Saturday, 21 May 2016

It's All Treasure

When I first started scrapbooking, I wanted to cut up paper and make pretty pictures. Then I started to think more about what scrapbooking really meant to me and I understood that it had to be about the words too. And there can be no doubt that the pages I return to, and the ones anyone stops at if I'm asked to show an album, are the ones with the writing on.


But that writing takes up space: it can fill the background, flood the view. And the kind of pages I'm most often attracted to are the ones restful to the eye, pared back, easy to relax over. So I circle. I make pages with lots of story, then I think I want the picture and the pretty, so I stick the story on the back. Then I shake my head and ask myself what's the point of that? If I find a happy medium, that's a good scrap day.

Maybe this one? It's a page I made for Get It Scrapped's new blog article Six Ways to Create More Room For Journaling on Your Scrapbook Pages. I took a story I told for Storytelling Sunday back in 2013 and fitted it onto a 8.5 x 11 background by layering the text, one typed sheet over another, as if I were adding layers of patterned paper. That way I managed to find room for all of the story and here it is:


...our chest of mystery. Everyone here likes to believe that it once belonged to Harry Potter; and that would be because it has his initials H.P. placed on the lid. But it's clear he has no more use for it since it has washed up with us. Truthfully, I wouldn't be trying to grab it if I had to flee from here in a hurry: it's cast iron - I think - and I can't lift it. (Though I guess that means it might survive fire, flood or plague and I could come back for it? ). But I know you want to find out what's inside...
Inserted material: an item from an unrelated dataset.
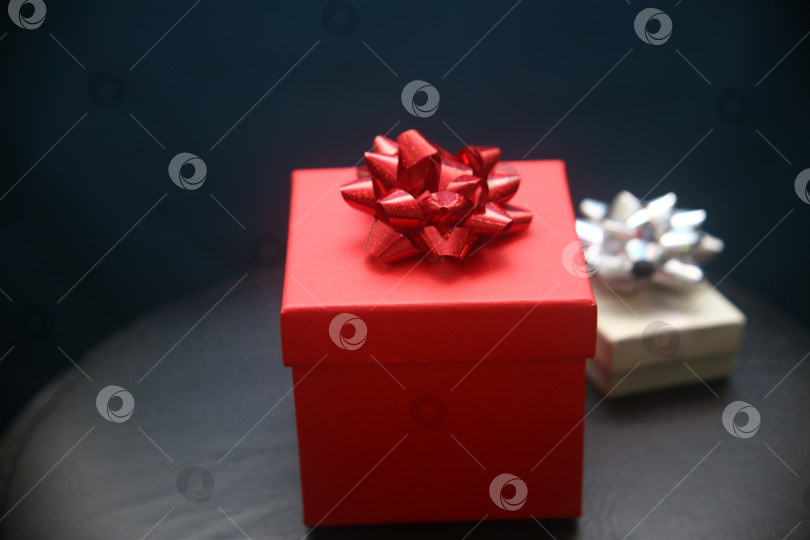 Скачать Две подарочные коробочки с бантиками фотосток Ozero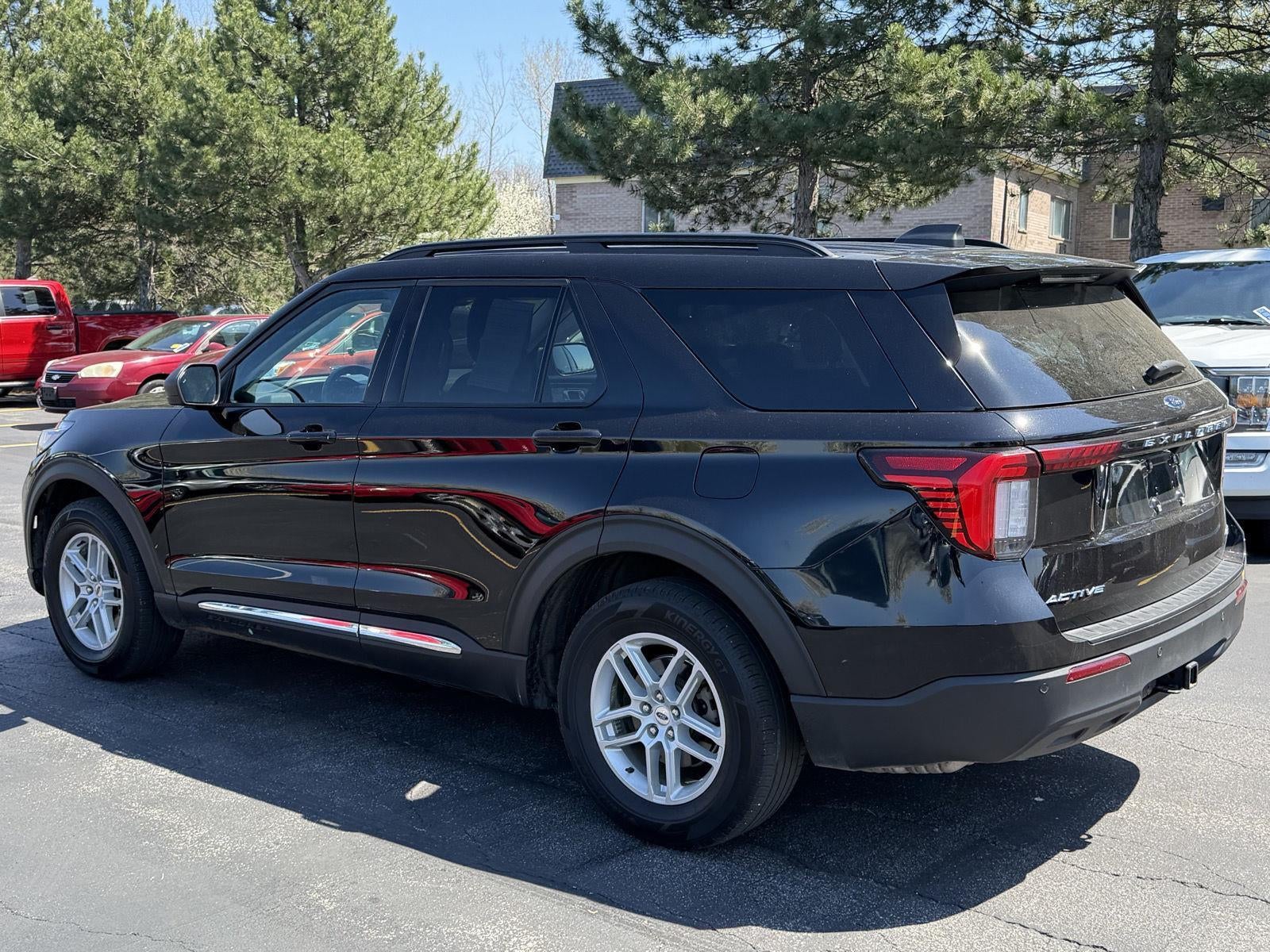 2025 Ford Explorer Active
Well, earlier in the year I'd been planning to tell you about its quirkier contents for Halloween...Great Grandpa's false teeth, anyone? Or how about the owner-less glass eye? the locks of baby hair or the Victorian mourning envelopes? there are letters and certificates going back a century or more. The Fair family owned a grocer's shop through the years of the Great Depression; and I could show you the shop ledgers. Tucked inside you'd find letters from customers who were struggling to meet their accounts. It could break your heart, even from this distance. All of these things have their own stories.

But when I started to sift through it all this week, the thing which really spoke to me was a little blue notebook, full of numbers still recognisable as being in my Father-in-Law's hand: "Money Spent Each Term at T.C.D." His college accounts from his years in Dublin at the end of the 1940's. How much he spent on "digs", on a new saddle bag, on train fares and "outside meals": a strange world of gowns and Punch Magazine. You know why this has fascinated me right now, of course. I'll be emailing his namesake, modern day student grandson who has spent the last couple of months wondering how his student loan will stretch and I'll be telling him how lucky he is that he doesn't have to buy his own coal. I think that will give him a smile. And then I'll be tucking that notebook back into the chest, in the hope that another generation will use it as a reminder of what came before. I hope someone else comes across it at exactly the right time. Just as I did. 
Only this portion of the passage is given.